* Entries shown *
==*==

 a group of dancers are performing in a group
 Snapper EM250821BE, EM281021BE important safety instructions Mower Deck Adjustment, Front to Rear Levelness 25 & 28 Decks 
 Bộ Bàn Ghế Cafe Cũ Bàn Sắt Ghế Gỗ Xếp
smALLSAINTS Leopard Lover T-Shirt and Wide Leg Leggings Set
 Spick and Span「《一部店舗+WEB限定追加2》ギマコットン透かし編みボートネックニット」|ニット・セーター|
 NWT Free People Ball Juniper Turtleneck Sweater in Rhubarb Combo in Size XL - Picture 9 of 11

==*==

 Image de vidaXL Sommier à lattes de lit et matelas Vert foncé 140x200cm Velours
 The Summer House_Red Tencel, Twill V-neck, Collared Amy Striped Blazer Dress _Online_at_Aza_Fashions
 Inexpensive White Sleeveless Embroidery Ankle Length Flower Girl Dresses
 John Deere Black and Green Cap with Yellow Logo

==*==

* About this task *
Could you restate word for word the lines above, from the one that contains "a group of dancers are performing in a group" through the one that contains "NWT Free People", and no others?

* Task output *
 a group of dancers are performing in a group
 Snapper EM250821BE, EM281021BE important safety instructions Mower Deck Adjustment, Front to Rear Levelness 25 & 28 Decks 
 Bộ Bàn Ghế Cafe Cũ Bàn Sắt Ghế Gỗ Xếp
smALLSAINTS Leopard Lover T-Shirt and Wide Leg Leggings Set
 Spick and Span「《一部店舗+WEB限定追加2》ギマコットン透かし編みボートネックニット」|ニット・セーター|
 NWT Free People Ball Juniper Turtleneck Sweater in Rhubarb Combo in Size XL - Picture 9 of 11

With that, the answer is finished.